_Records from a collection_

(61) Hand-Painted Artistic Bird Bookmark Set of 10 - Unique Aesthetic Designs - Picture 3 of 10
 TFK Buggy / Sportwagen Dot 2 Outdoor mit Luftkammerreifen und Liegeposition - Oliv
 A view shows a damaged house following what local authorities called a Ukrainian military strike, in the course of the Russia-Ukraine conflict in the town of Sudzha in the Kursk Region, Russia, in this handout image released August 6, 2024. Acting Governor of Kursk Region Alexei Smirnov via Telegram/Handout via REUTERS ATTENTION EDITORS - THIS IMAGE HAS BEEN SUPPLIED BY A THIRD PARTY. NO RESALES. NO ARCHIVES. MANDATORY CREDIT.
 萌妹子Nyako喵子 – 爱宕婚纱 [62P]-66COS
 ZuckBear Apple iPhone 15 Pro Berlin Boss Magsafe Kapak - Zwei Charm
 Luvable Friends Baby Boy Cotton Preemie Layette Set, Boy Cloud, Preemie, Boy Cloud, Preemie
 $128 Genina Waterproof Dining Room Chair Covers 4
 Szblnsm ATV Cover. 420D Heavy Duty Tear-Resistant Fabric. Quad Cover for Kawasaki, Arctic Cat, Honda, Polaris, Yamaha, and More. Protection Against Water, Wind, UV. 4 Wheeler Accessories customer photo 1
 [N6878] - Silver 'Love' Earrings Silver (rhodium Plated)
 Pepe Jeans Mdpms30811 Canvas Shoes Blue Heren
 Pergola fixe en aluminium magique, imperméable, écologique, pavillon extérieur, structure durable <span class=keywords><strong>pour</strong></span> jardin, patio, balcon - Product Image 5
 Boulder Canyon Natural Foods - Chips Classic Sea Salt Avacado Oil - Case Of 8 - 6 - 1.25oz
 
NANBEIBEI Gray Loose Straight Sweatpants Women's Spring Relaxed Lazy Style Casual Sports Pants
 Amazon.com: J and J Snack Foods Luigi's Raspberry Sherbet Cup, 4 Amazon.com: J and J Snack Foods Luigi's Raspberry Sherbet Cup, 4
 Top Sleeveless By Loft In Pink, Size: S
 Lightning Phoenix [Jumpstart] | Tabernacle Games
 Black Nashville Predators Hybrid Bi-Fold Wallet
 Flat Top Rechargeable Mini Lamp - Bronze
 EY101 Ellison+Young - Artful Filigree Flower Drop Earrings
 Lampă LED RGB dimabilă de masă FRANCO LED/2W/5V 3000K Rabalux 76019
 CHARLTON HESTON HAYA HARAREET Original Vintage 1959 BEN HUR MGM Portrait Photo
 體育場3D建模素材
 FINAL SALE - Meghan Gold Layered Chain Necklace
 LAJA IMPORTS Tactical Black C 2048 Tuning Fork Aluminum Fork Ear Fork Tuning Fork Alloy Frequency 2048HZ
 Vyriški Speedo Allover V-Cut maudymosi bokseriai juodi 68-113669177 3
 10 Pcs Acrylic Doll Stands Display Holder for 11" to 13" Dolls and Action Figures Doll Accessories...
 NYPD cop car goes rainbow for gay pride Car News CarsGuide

_Work required_
Which lines belong in the answer? Exactly those from the first line of the entries through the line holding "NANBEIBEI Gray Loose", inclusive, copied unchanged.

_Answer space_
(61) Hand-Painted Artistic Bird Bookmark Set of 10 - Unique Aesthetic Designs - Picture 3 of 10
 TFK Buggy / Sportwagen Dot 2 Outdoor mit Luftkammerreifen und Liegeposition - Oliv
 A view shows a damaged house following what local authorities called a Ukrainian military strike, in the course of the Russia-Ukraine conflict in the town of Sudzha in the Kursk Region, Russia, in this handout image released August 6, 2024. Acting Governor of Kursk Region Alexei Smirnov via Telegram/Handout via REUTERS ATTENTION EDITORS - THIS IMAGE HAS BEEN SUPPLIED BY A THIRD PARTY. NO RESALES. NO ARCHIVES. MANDATORY CREDIT.
 萌妹子Nyako喵子 – 爱宕婚纱 [62P]-66COS
 ZuckBear Apple iPhone 15 Pro Berlin Boss Magsafe Kapak - Zwei Charm
 Luvable Friends Baby Boy Cotton Preemie Layette Set, Boy Cloud, Preemie, Boy Cloud, Preemie
 $128 Genina Waterproof Dining Room Chair Covers 4
 Szblnsm ATV Cover. 420D Heavy Duty Tear-Resistant Fabric. Quad Cover for Kawasaki, Arctic Cat, Honda, Polaris, Yamaha, and More. Protection Against Water, Wind, UV. 4 Wheeler Accessories customer photo 1
 [N6878] - Silver 'Love' Earrings Silver (rhodium Plated)
 Pepe Jeans Mdpms30811 Canvas Shoes Blue Heren
 Pergola fixe en aluminium magique, imperméable, écologique, pavillon extérieur, structure durable <span class=keywords><strong>pour</strong></span> jardin, patio, balcon - Product Image 5
 Boulder Canyon Natural Foods - Chips Classic Sea Salt Avacado Oil - Case Of 8 - 6 - 1.25oz
 
NANBEIBEI Gray Loose Straight Sweatpants Women's Spring Relaxed Lazy Style Casual Sports Pants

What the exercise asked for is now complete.